Humana and New Work

When I begin to tell people about the Humana Festival of New American Plays I can’t talk fast enough. Anticipation settles into my chest and stomach, and, more often than not, I begin sweating.

Full disclosure: I worked at Actors Theatre of Louisville for the last few years, and this will be my first year going back as an alumni. Though my excitement is amplified knowing I’m going to see friends who still work there, it is remarkable how many people I’ve contacted to who are not ATL Alumni to ask, “are you going back for Humana?” The sense of national community, the “Homecoming” that it represents, is incredible.

I have never been in a place where the playwright is so revered and engaged. In rehearsals leading up to the Festival you see playwrights dotting the halls.
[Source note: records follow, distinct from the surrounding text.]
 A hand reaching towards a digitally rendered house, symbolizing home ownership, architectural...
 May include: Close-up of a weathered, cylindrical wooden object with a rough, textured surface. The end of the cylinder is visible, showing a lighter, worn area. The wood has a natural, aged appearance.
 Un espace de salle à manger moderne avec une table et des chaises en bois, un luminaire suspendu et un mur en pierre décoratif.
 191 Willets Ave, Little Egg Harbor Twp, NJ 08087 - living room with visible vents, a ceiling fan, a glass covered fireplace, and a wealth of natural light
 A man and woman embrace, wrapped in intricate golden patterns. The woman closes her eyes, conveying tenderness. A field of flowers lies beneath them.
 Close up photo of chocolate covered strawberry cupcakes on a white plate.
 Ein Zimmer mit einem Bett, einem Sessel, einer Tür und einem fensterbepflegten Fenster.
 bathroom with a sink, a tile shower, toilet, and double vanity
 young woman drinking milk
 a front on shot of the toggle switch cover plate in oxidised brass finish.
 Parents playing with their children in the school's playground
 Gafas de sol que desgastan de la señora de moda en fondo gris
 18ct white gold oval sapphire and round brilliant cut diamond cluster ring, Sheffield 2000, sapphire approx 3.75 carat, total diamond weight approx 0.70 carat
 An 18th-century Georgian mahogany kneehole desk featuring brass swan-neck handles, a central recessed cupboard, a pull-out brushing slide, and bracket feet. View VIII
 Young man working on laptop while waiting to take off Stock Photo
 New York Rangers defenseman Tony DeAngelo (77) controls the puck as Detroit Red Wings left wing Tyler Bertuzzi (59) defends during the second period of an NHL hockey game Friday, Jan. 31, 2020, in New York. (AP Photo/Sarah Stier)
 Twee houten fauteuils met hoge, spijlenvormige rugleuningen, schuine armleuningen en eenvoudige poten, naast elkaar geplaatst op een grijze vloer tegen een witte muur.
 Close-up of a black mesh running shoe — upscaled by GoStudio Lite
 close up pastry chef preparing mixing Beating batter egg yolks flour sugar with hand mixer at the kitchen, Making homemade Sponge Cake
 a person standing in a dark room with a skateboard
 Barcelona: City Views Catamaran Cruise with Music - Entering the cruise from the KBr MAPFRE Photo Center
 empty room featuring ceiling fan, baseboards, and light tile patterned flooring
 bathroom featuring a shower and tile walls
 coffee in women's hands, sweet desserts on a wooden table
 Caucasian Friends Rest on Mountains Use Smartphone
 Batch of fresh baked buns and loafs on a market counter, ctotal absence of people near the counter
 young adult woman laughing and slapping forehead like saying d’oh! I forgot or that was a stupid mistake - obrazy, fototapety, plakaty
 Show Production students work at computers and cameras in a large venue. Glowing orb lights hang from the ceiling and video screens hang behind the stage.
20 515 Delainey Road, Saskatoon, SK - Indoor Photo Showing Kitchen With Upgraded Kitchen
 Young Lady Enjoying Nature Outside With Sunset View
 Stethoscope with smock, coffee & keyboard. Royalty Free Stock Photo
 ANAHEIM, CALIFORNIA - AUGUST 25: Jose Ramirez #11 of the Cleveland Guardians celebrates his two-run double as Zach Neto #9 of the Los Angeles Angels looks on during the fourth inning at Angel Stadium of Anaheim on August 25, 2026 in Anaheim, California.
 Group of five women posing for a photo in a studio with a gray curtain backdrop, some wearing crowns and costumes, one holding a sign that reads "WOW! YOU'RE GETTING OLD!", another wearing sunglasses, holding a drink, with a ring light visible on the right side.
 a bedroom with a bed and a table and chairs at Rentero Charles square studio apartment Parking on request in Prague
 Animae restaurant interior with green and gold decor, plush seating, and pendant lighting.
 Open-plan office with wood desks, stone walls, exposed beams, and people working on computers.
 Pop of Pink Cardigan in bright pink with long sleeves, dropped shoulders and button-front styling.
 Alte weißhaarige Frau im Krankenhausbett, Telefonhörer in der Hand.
They’re meeting with their dramaturg or director. They’re printing new drafts. They’re staring at the vending machines. Sometimes you can overhear conversations between directors and playwrights. There is a give and take that you don’t get to see in other social circumstances. Opinions and impressions are freely expressed. Motives are questioned. With this amalgam of ideas the playwright may continue to mold their script until their story is told. A playwright’s work is never finished. Even after opening night they may have new ideas for a revision.

You may know we’re working on a new play called Dearly Beloved. We’re taking steps to workshop this script because we have faith in it. We’ve worn opinions on our sleeves — openly offered thoughts and thrown them away. Open discussions have informed the work we’re doing, and I think you’ll see the playwright’s story coming through clearer than ever. We’re going to be taking it to the next level in our staging a month from now, and I hope you’ll join us.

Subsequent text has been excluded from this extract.